Required action
Pictures must not be copied, but every entry must be reproduced exactly.

(Crawled caption data)

————————

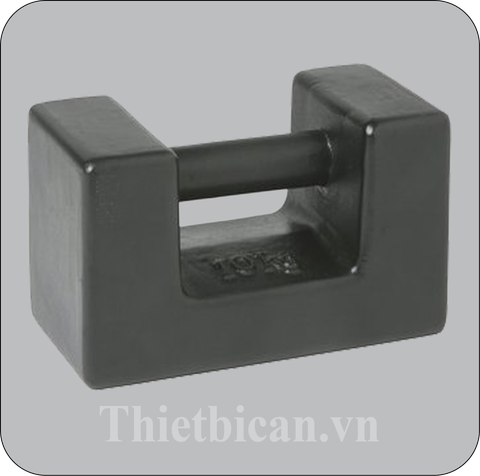 Quả cân chuẩn M1 10Kg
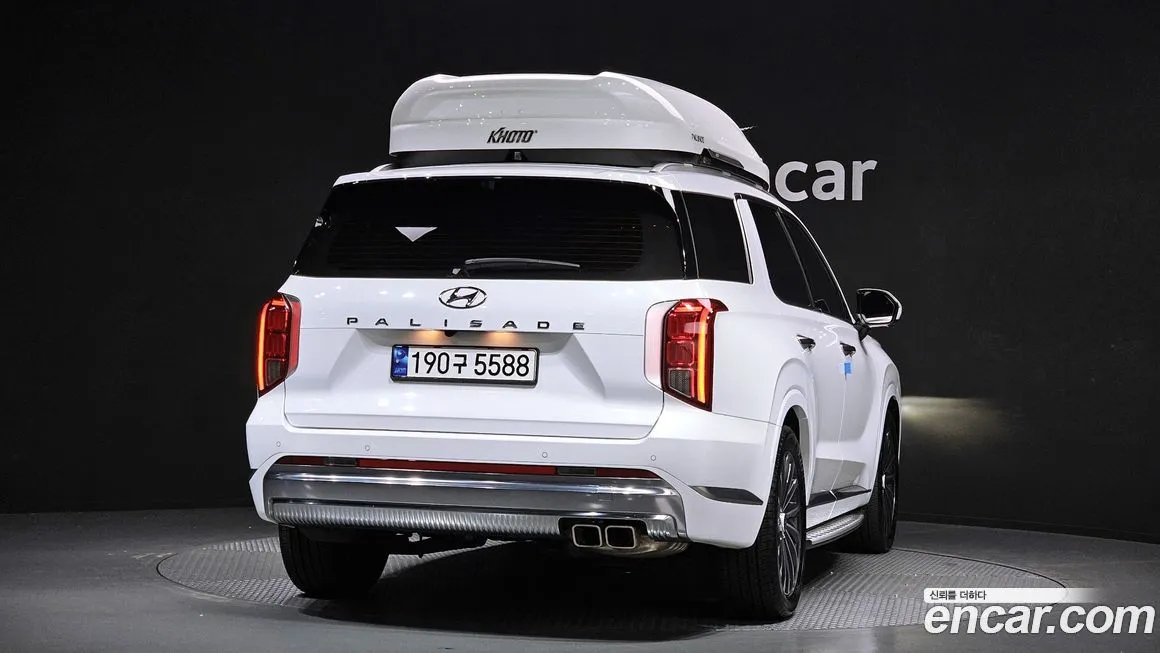 Hyundai Palisade — фото 4
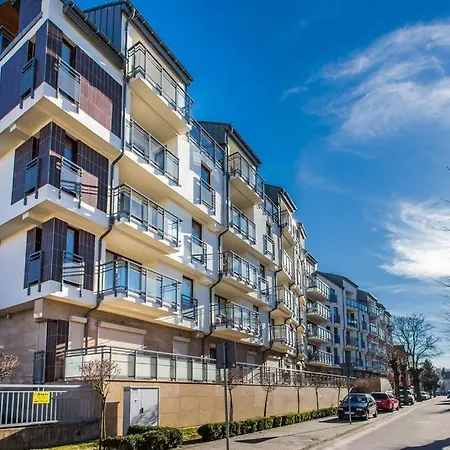 Marea - Apartament 83 Apartment Miedzyzdroje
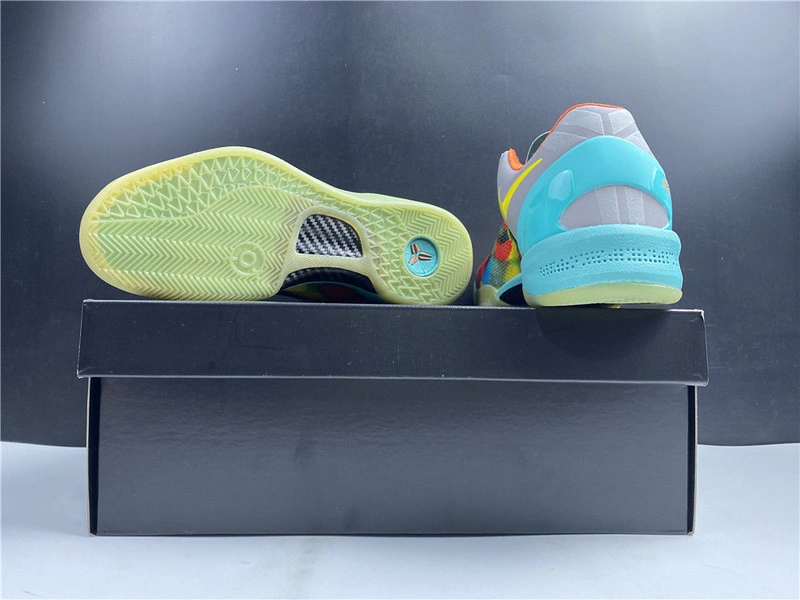 Nike Kobe 8 GC Venice Beach  555035-002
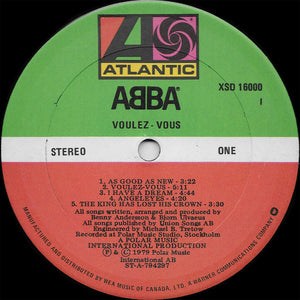 ABBA - Voulez-Vous - 1979
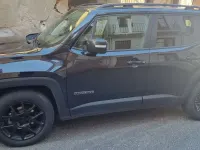 Usata Jeep Renegade Limited 120 CV (88 kW) 2019 Nero SUV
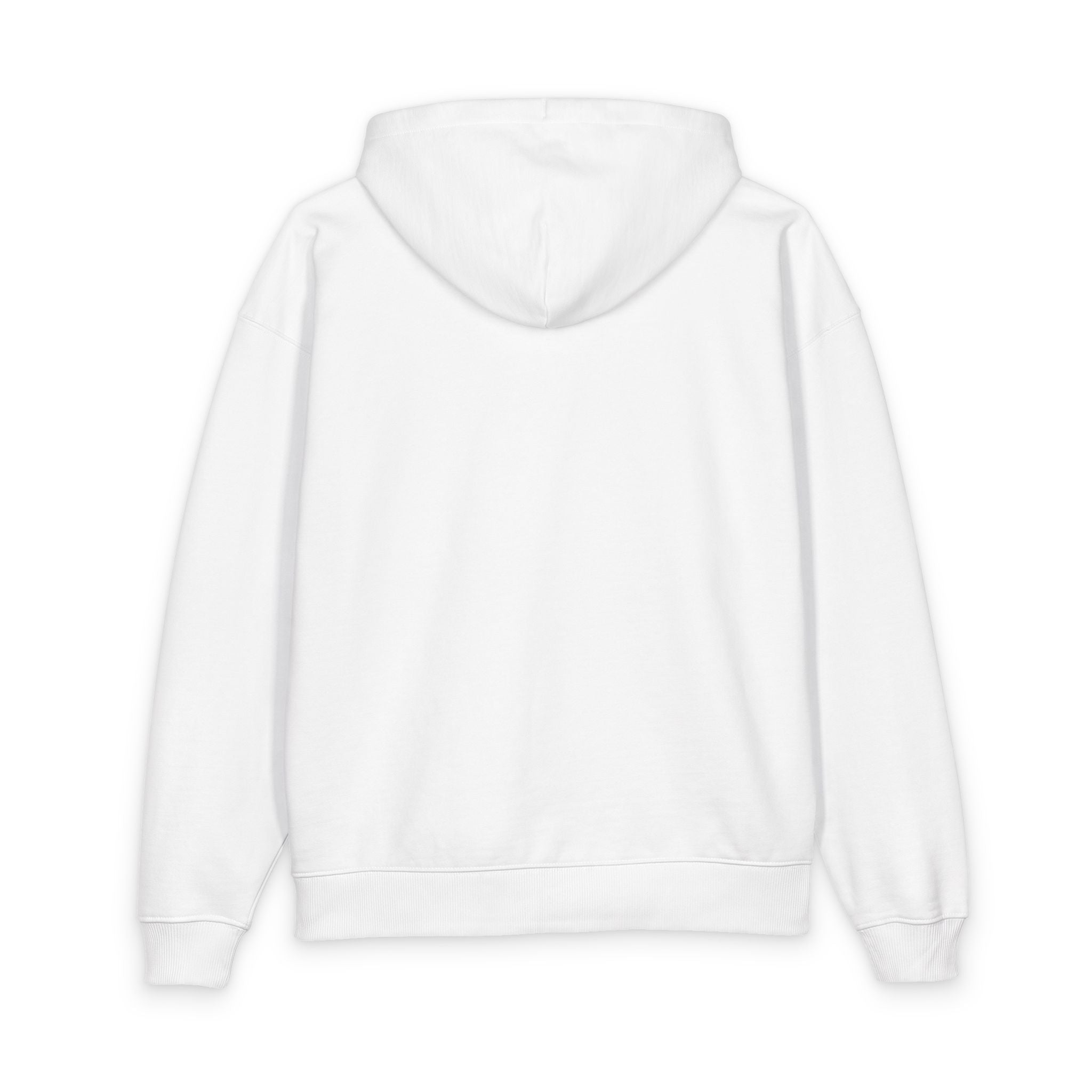 Graphic Hoodie — Red Glossy Lips "SLAMMER" Urban Streetwear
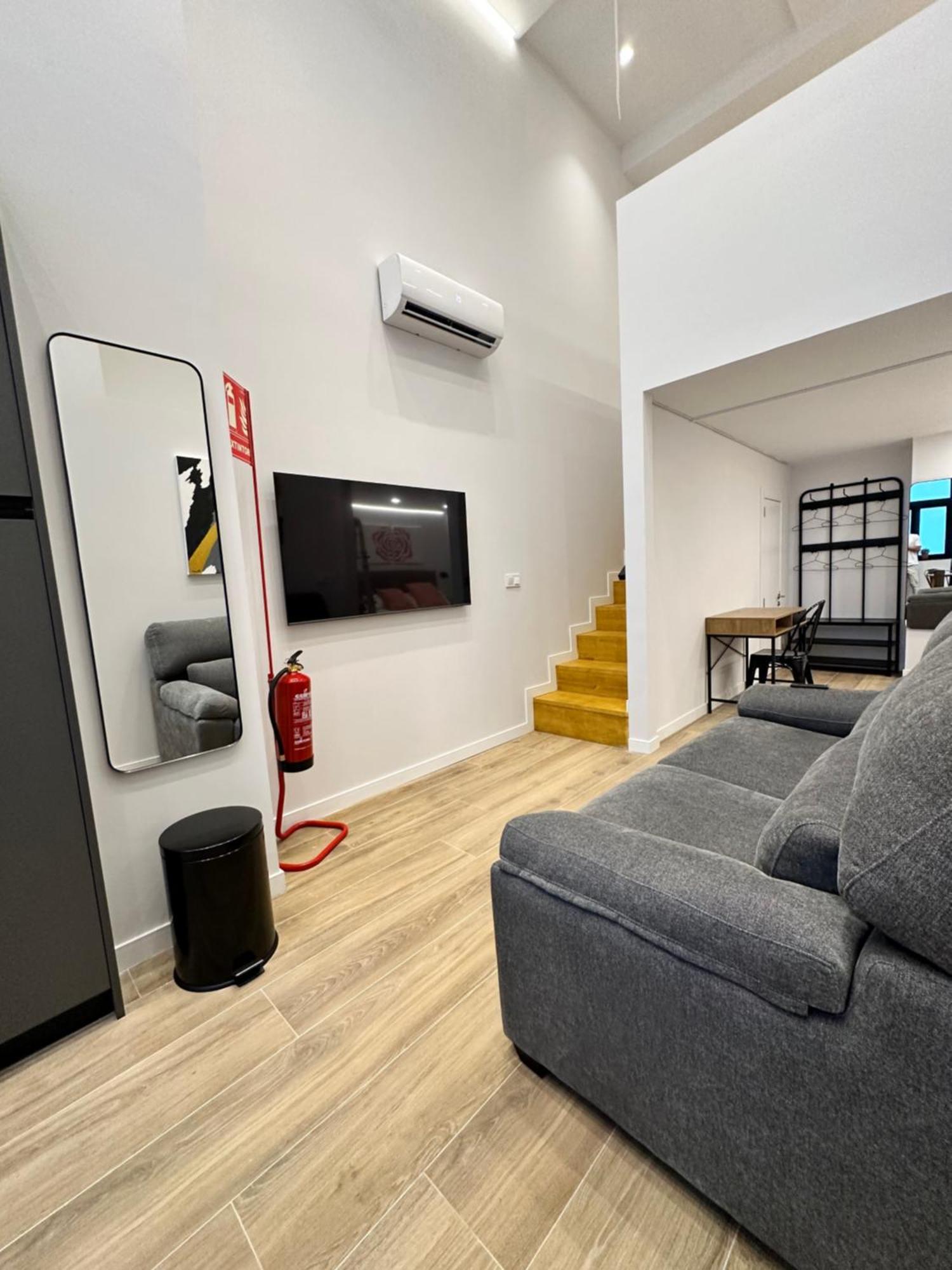 Appartement Loft Accommodative B Valence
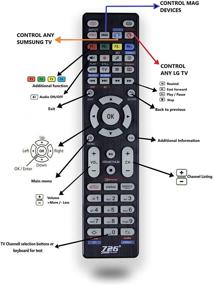 img 2 attached to 726 Universal Replacement Control Samsung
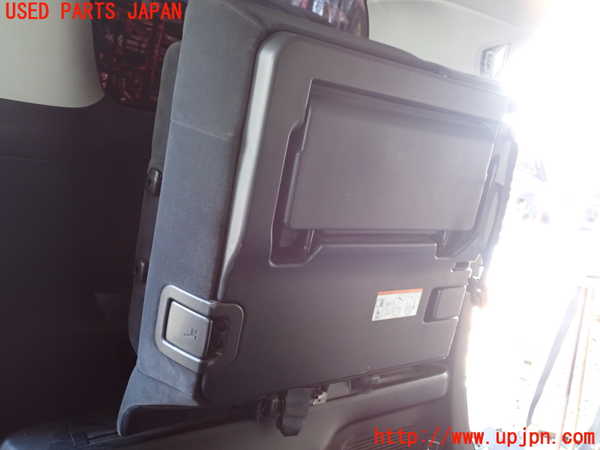 1UPJ-9238357235]アルファード 30系(AGH35W)右3列目シート 中古_5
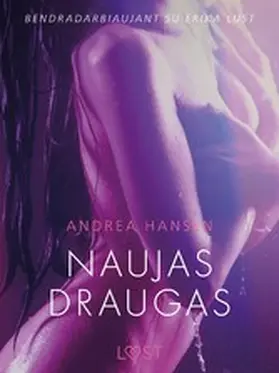 Hansen |  Naujas draugas - erotine literatura | eBook | Sack Fachmedien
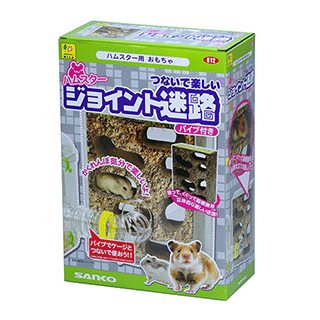 ハムスター　サークル　迷路 Amazon | MiHaruTsu ハムスター 迷路 トンネル 小屋 遊び場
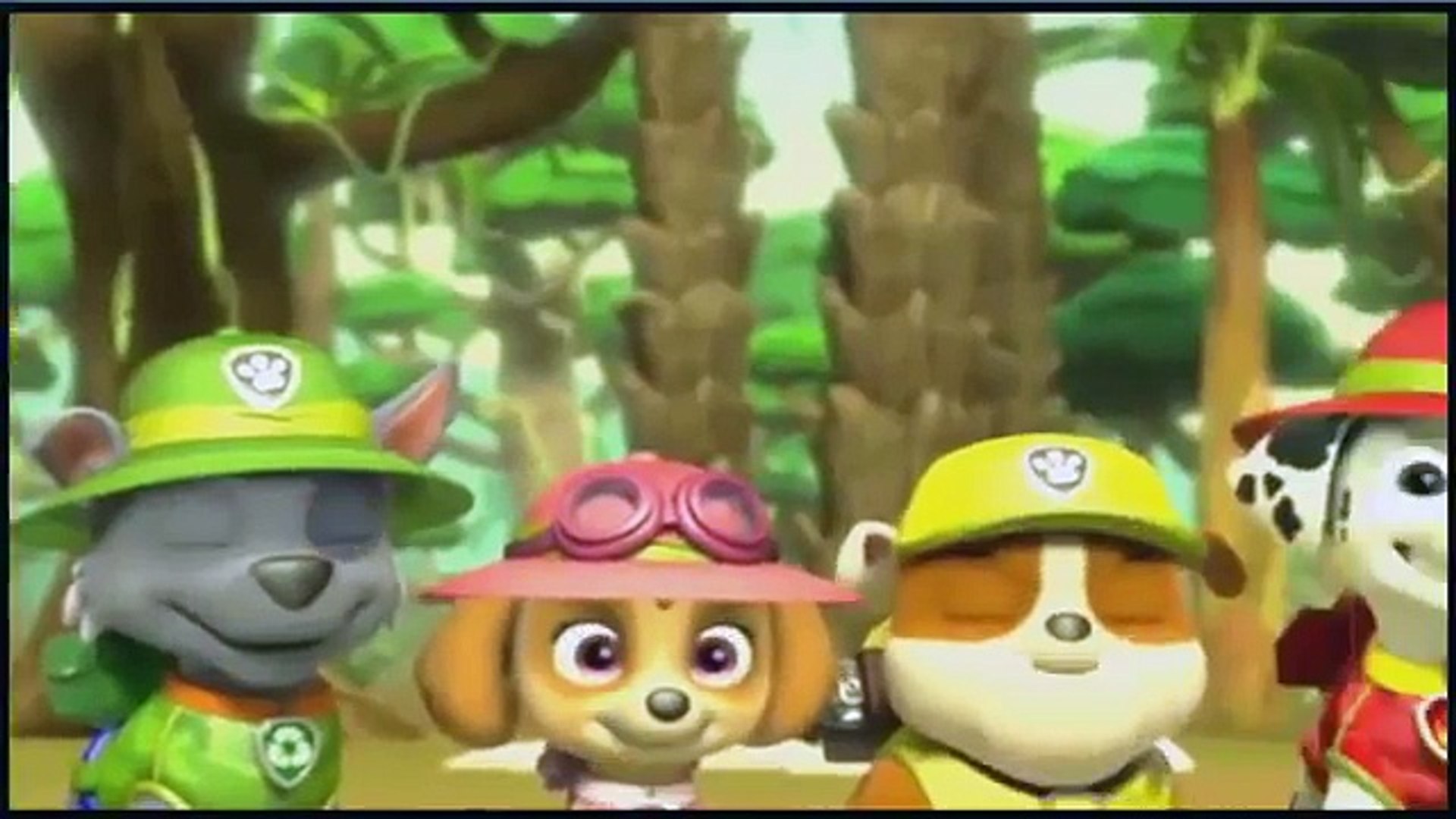 paw patrol pup tracker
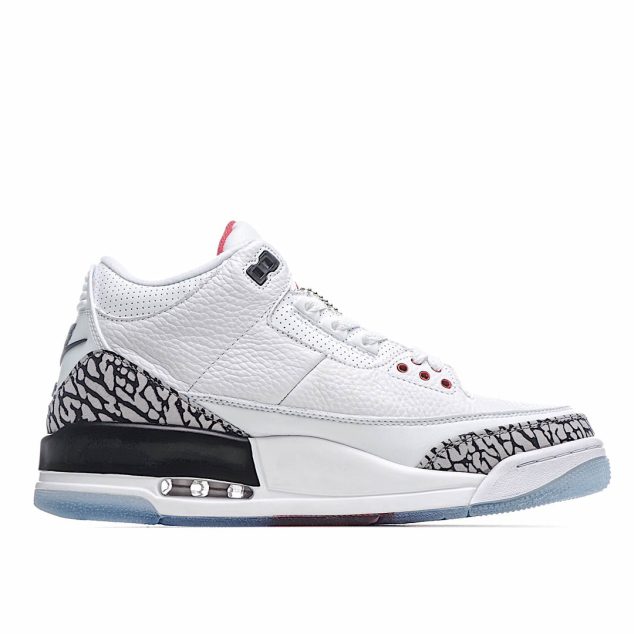  Air Jordan 3 Retro NRG ‘Free Throw Line’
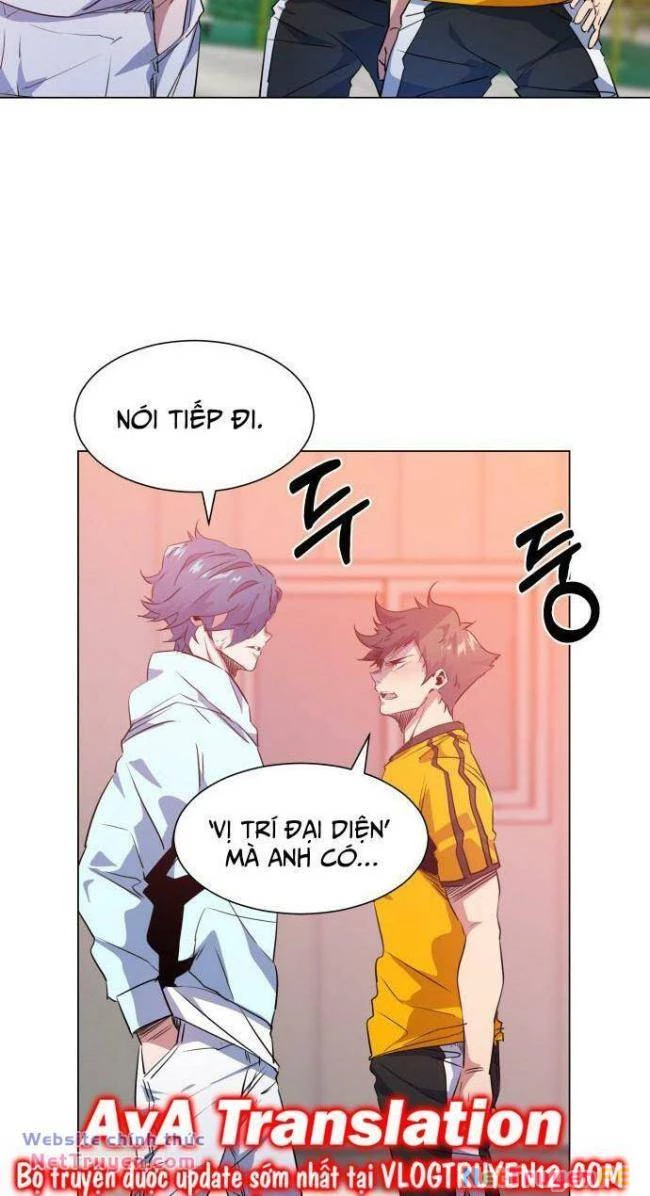 Góc Cao Khung Thành Chapter 28 - Trang 3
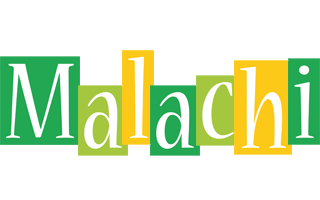 Malachi lemonade logo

————————

Reply to the task
 Quả cân chuẩn M1 10Kg
 Hyundai Palisade — фото 4
 Marea - Apartament 83 Apartment Miedzyzdroje
 Nike Kobe 8 GC Venice Beach  555035-002
 ABBA - Voulez-Vous - 1979
 Usata Jeep Renegade Limited 120 CV (88 kW) 2019 Nero SUV
 Graphic Hoodie — Red Glossy Lips "SLAMMER" Urban Streetwear
 Appartement Loft Accommodative B Valence
 img 2 attached to 726 Universal Replacement Control Samsung
 1UPJ-9238357235]アルファード 30系(AGH35W)右3列目シート 中古_5
 Hansen |  Naujas draugas - erotine literatura | eBook | Sack Fachmedien
 ハムスター　サークル　迷路 Amazon | MiHaruTsu ハムスター 迷路 トンネル 小屋 遊び場
 paw patrol pup tracker
  Air Jordan 3 Retro NRG ‘Free Throw Line’
 Góc Cao Khung Thành Chapter 28 - Trang 3
 Malachi lemonade logo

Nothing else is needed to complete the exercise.